Let $S$ and $T$ be multi-linear maps; in fact, for ease of presentation, only the special case $S,T: V \rightarrow \mathbb{R}$ will be considered. Then a multi-linear map can be formed from $S$ and $T$ , namely, $(u,v) \mapsto S(u) T(v)$ . This multi-linear map is denoted $S \otimes T$ and is called the tensor product of $S$ and $T$ , in agreement with the discussion in the previous paragraph.

It is easier to motivate the tensor product $S \otimes T$ of two tensors than it is to motivate the tensor product of two tensor spaces $\mathcal{T}^p_q \otimes \mathcal{T}^r_s$ . Here is an example of such motivation.

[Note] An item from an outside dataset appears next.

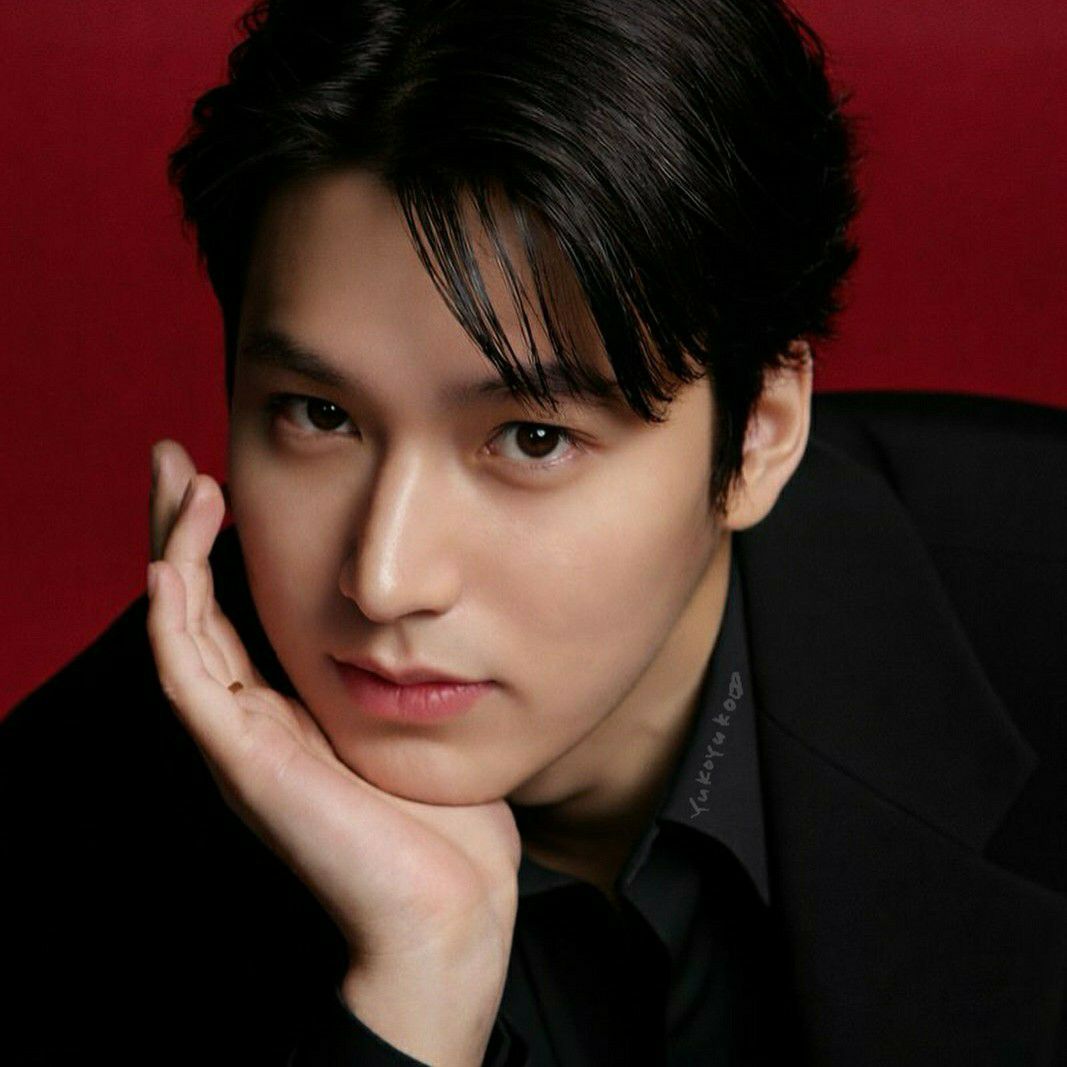 ファンが撮影したイ・ミンホの瞬間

What useful multi-linear maps can be formed from the linear maps $S,T: V \rightarrow \mathbb{R}$ ? Playing around, it seems $v \mapsto S(v)+T(v)$ is a linear map; let’s call it $S+T$ . Multiplication does not work because $v \mapsto S(v)T(v)$ is not linear, so $ST$ is not a tensor. The ordinary cross-product would lead to a map $S \times T: V \times V \rightarrow \mathbb{R} \times \mathbb{R}$ which is not of the form of a tensor as stated earlier. What we can do though is form the map $(v,w) \mapsto S(v)T(w)$ . We denote this bilinear map by $S \otimes T: V \times V \rightarrow \mathbb{R}$ . Experience has shown the construction $S \otimes T$ to be useful (which, at the end of the day, is the main justification for introducing new definitions and symbols), although for the moment, the choice of symbol $\otimes$ has not been justified save for it should be different from more common symbols such as $S+T$ , $ST$ and $S \times T$ which mean different things, as observed immediately above. Furthermore, the definition of $\otimes$ as stated above readily extends to general tensors…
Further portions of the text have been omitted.